Es ist 17.44 Uhr, als K. F. seine Gemeindebauwohnung in Wien-Donaustadt verlässt. Der Attentäter trägt eine schwarze Haube und eine dunkle Daunenjacke über einem weißen T-Shirt. In einer bunten Tragetasche befindet sich – abgedeckt mit einem weißen Stofftuch – das Sturmgewehr der Bauart AK-47. Später werden Spürhunde entlang der Strecke bis zum Schwedenplatz mehrmals anschlagen. Die Ermittler sind deshalb überzeugt, dass K. F. allein und zu Fuß unterwegs war. Um 19.20 postet er Fotos in den sozialen Medien: „Der Islamische Staat bleibt“, so das darunter stehende Bekenntnis zur Terrormiliz.

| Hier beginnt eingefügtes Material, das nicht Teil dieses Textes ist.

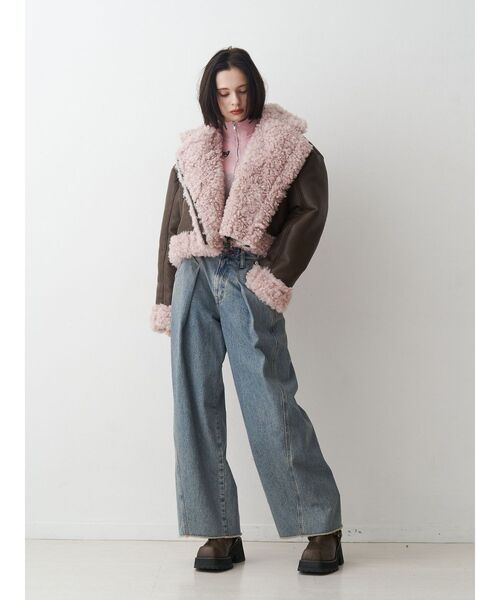 セール】フェイクムートンショートジャケット（ムートンコート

Gegen 19.30 erscheint er auf den ersten Überwachungskameras des Wiener Schwedenplatzes (siehe Karte). Sein zurückgesetztes Handy wirft er in einen Mistkübel. Mit den versteckten Waffen befindet er sich bereits mitten im Geschehen. An den zahlreichen Imbissbuden und am Ende der Rotenturmstraße herrscht bei milden Temperaturen reges Treiben. Es ist der letzte Abend vor dem zweiten Corona-Lockdown, und vor allem junge Menschen treibt es nach draußen. Doch K. F. handelt nicht überstürzt. 

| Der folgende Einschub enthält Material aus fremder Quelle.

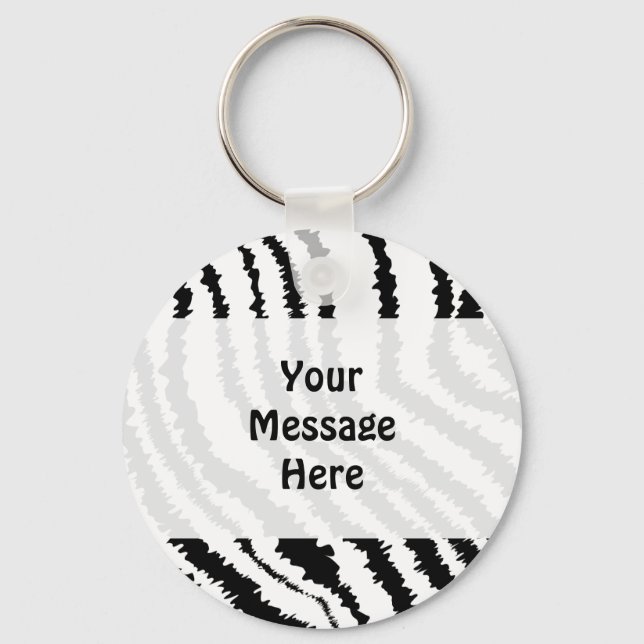 Porte-clés Motif d'impression Black Zebra. (Recto)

„Zielstrebig und steten Schrittes“ bewegt er sich bis zur Marc-Aurel-Straße, notieren die Ermittler. Um 19.36 Uhr steht er vor dem geschlossenen „Le Salzgries“ – ein französisches Restaurant, dessen Nummer er einige Stunden zuvor gewählt hat. Dann gelangt er über die Theodor-Herzl-Stiege um 19.39 Uhr hinauf zum sogenannten Bermudadreieck – und steht damit, 20 Minuten vor dem Attentat, bereits direkt am Tatort. 50 bis 60 Personen sitzen in den angrenzenden Schanigärten. „Er dreht sich um, macht sich einen Überblick über den dortigen Bereich“, so das Fazit der Polizei.

Dann geht der Attentäter einmal um den gesamten Häuserblock über den Hohen Markt, und geht noch zweimal am französischen Restaurant „Le Salzgries“ vorbei, gegen 19.47 Uhr wieder zurück über die Treppe. An der Theodor-Herzl-Stiege adjustiert er laut Bericht mutmaßlich seine Waffe, anschließend geht er „zielstrebig“ um 19:55 Uhr in einen Durchgang zwischen Seitenstettengasse und Ruprechtskirche. Offensichtlich wird er hier von zwei Passantinnen gestört. Er zeigt sich „auffällig-unauffällig umblickend“, zupft sich nervös an Bart und Mütze. Die 20-minütige Auskundschaftung endet schließlich am Desider-Friedmann-Platz. Erst hier, vor einem geschlossenen Hoteleingang, entledigt er sich seiner Jacke – und feuert los: Uhrzeit: 19.59.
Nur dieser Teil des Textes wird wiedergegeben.